Bank apologises for errors giving 'unauthorised people' access to customers' online accounts

In total, 136 accounts were left exposed but the bank has said no one suffered a financial loss from the errors.

The reprimand and fine from the DPC bring the penalties for data breaches levied on Bank of Ireland to €1.2m in just 11 months.

The latest penalty stems from the result of an investigation into 10 personal data breaches reported by Bank of Ireland between January 30 and May 6, 2020, concerning the unauthorised access to and disclosure of personal data processed by Banking365.

Six of those breaches saw “unauthorised people” granted access to customer accounts online due to “staff not following BoI procedures correctly”.

The other four saw customers receiving unauthorised access due to a “flaw” in the algorithm of the bank’s customer information system, the DPC said.

In those cases, the bank was made aware of customers being able to view the account transaction details of third parties while logged into their own unique account. Some of the other breaches saw people given access to both the accounts of others and account services also.
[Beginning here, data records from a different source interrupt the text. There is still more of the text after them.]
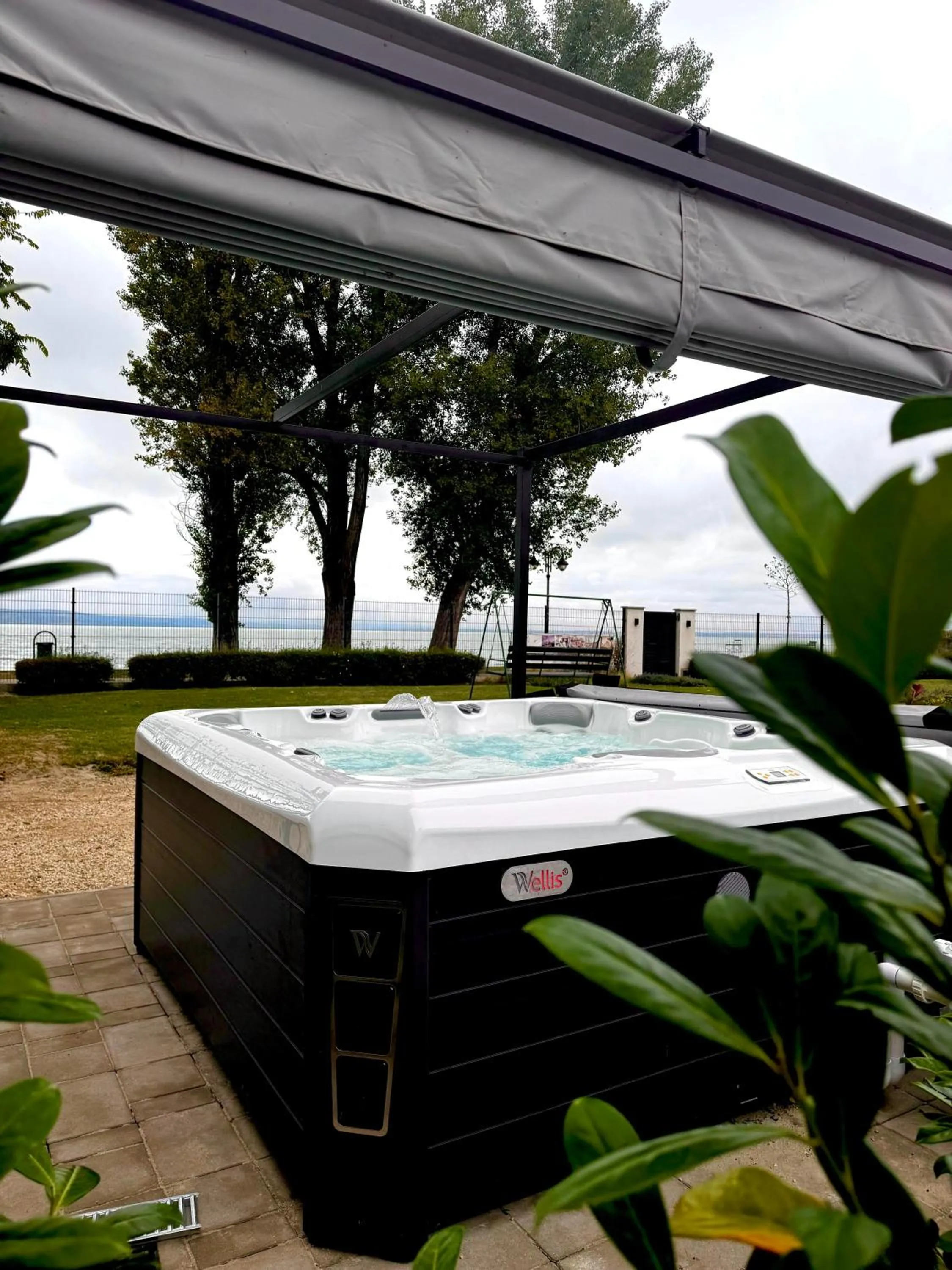 Hot Tub in PLAGE-ON Panzió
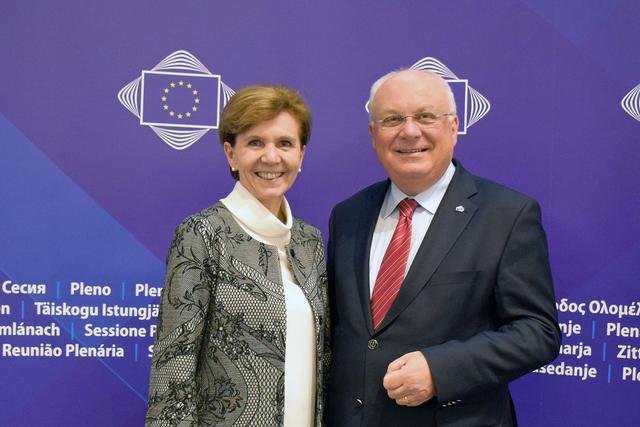 25 Jahre Ausschuss der Regionen (AdR). Sie vertreten Salzburg in Brüssel: Landtagspräsidentin Brigitta Pallauf und Franz Schausberger.
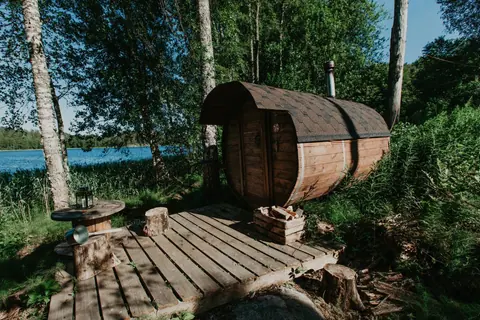 Русская баня на берегу озера в Sky Wood Hills — фото 3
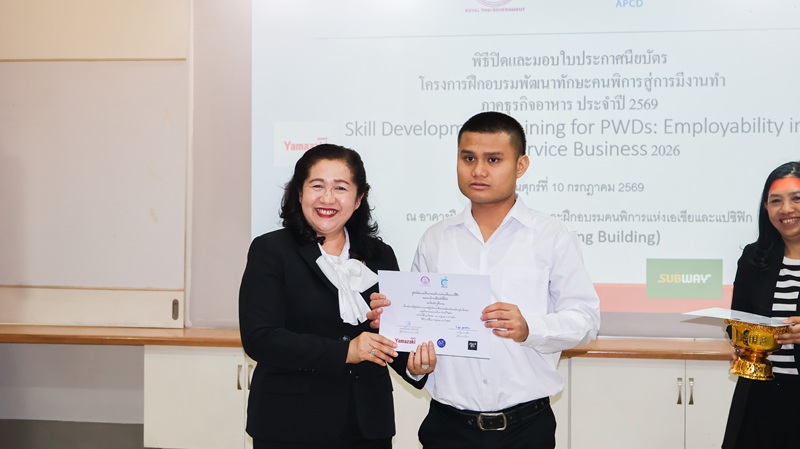 Picture 6: Ms. Pinya Chamroonsat, Deputy Director-General, Department of Empowerment of Persons with Disabilities (DEP), Ministry of Social Development and Human Security (left) gives a certificate to a male trainee (right)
In her published report, commissioner Helen Dixon said she disagreed with Bank of Ireland’s assessment that the risk of identity theft, fraud, or financial loss was low in the context of the reported data breaches due to the size of its customer base.

She said the manner by which BoI processes personal data via Banking365 “creates a high risk to the rights and freedoms of natural persons in terms of severity”, adding “the risks of fraud and identity theft would severely undermine a customer's relationship with the bank”.

The DPC found Bank of Ireland had breached the EU's data protection laws by failing to ensure the appropriate security of the personal data of its customers on the Banking365 platform, and by failing to implement the necessary technical measures to ensure that security.

The DPC noted further that BoI had prior knowledge of some of the issues with its processes, and had delayed for 21 months before implementing a technical fix for its customer information system, a fact the bank had attributed to the impact of covid-19.

Ms Dixon said the imposition of the €750,000 fine was necessary “to deter other future serious non-compliance on the part of BoI”.

A spokesperson for the bank said it accepted both the fine and the DPC’s decision, and said the bank “sincerely apologises for the errors” which gave rise to the penalty.

Last March, BoI was fined €463,000 by the DPC after an investigation found customers’ data was accidentally altered in such a way their credit ratings could have been damaged, thus preventing them from being approved for loans.